* _WORK TO COMPLETE_
Each line from the one containing "Philips HQ40 Golarka elektryczna" through the last line of the records is to be repeated exactly, with all pictures left out.

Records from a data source
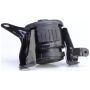 ANCHOR MOUNTS 9679 ENGINE MNT FRONT RIGHT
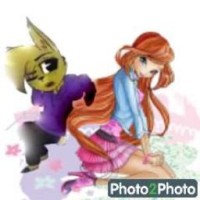 winxfnaf123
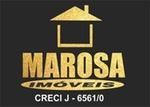 2020/05/116767569.jpg · COMERCIAL - CAMPO GRANDE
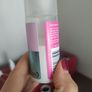 The powder for hair for free Image 3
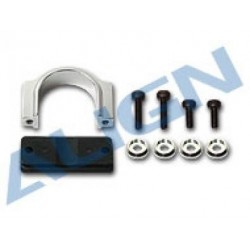 Metal Stabilizer Belt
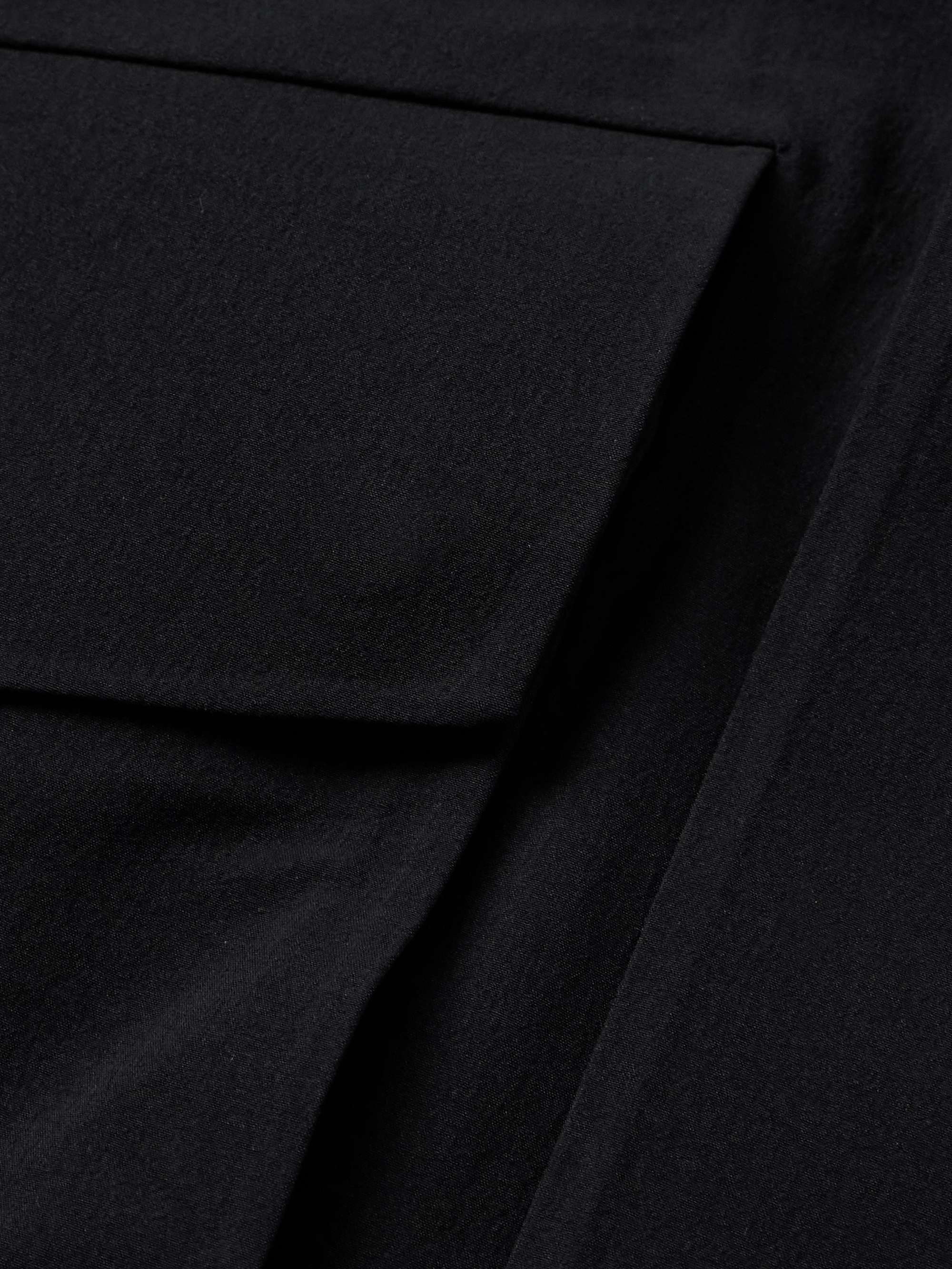 Glyde™ Field Jacket view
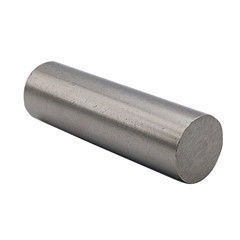 Imán de AlNiCo - 83.01 - Braillon Magnetics - cilíndrico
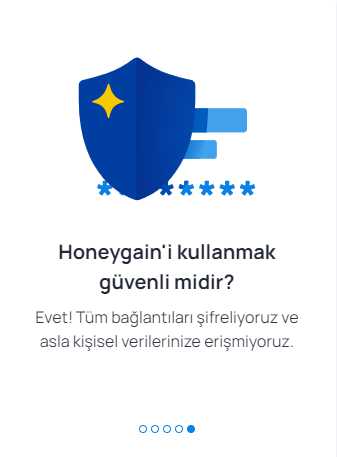 Screenshot_3.png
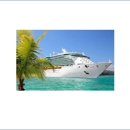 Dream Get-Aways, Inc - Cruises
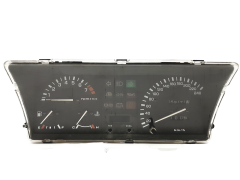 Tacho Kombiinstrument Rover MG YAC10483 AR0009010 UK-NSI Tacho Kombiinstrument Rover MG YAC10483 AR0009010 UK-NSI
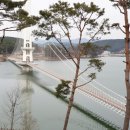 의좋은형제공원 주차장 이미지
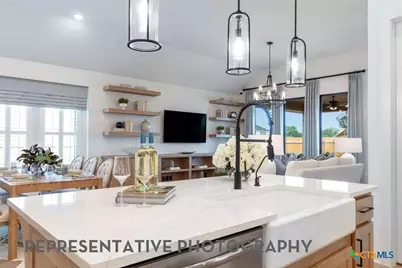 515 Safari Ridge, Cibolo, TX 78108 - Photo 13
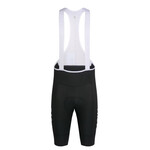 RAPHA Rapha Men's Pro Team Training II Cycling Bib Shorts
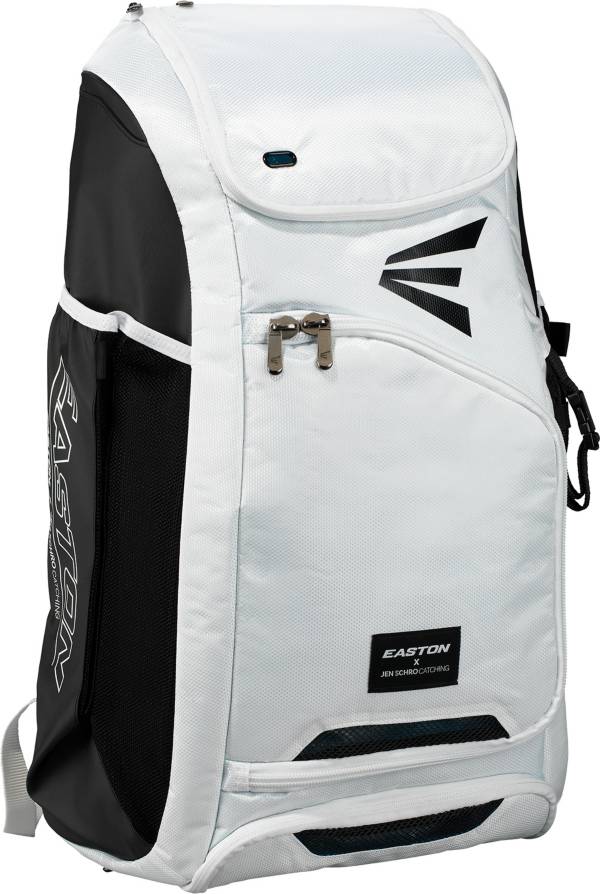 Easton Jen Schro Softball Catcher's Backpack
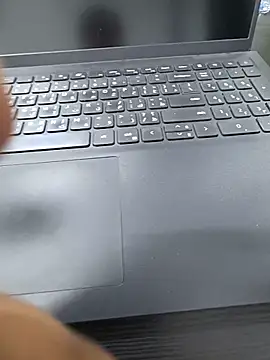 dream_catcher webcam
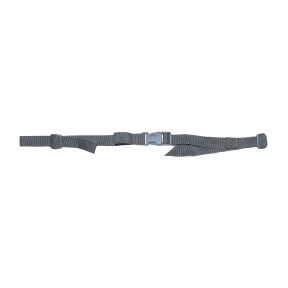 FLT Borstriem - IR - Berghaus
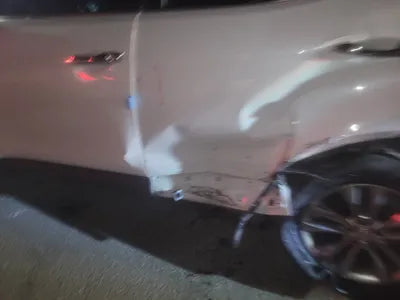 2017 Hyundai Santa FE KMHSW81UBJU804806 VIN:KMHSW81UBJU804806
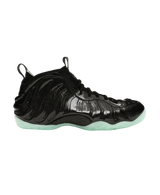 Nike Foamposite All Star Black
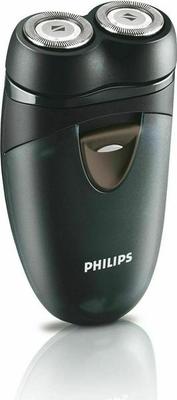 Philips HQ40 Golarka elektryczna
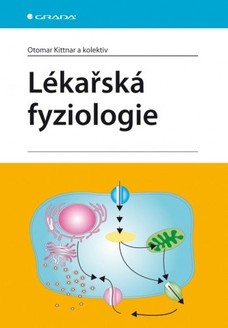 Lékařská fyziologie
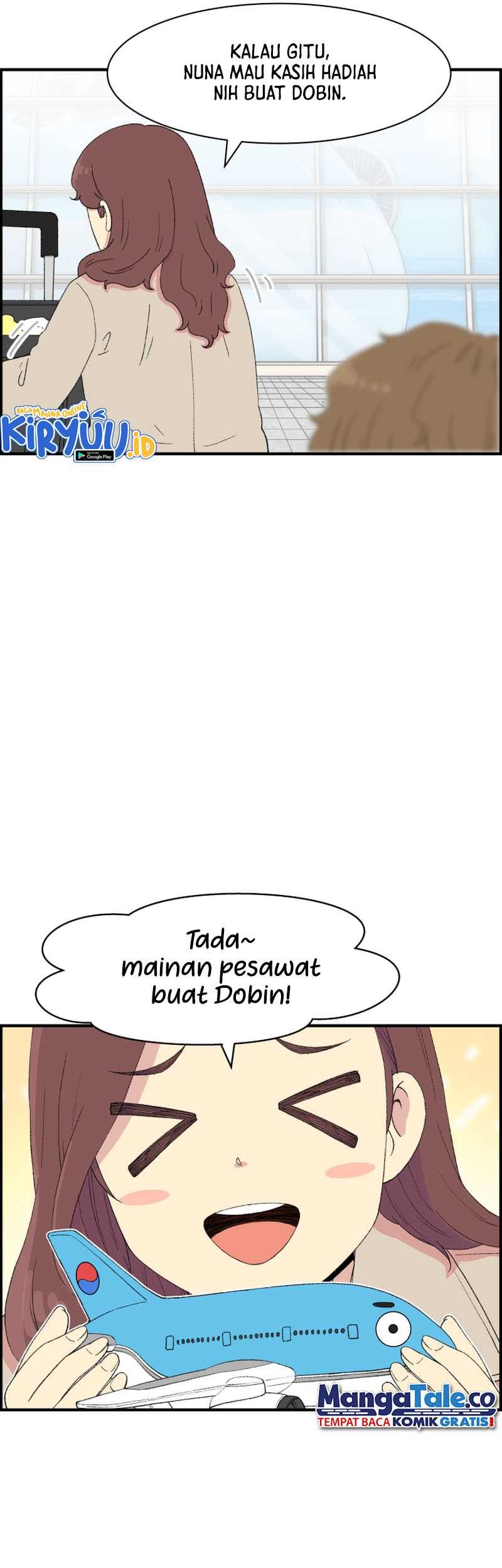 Halaman 34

* _FINISHED TASK_
 Philips HQ40 Golarka elektryczna
 Lékařská fyziologie
 Halaman 34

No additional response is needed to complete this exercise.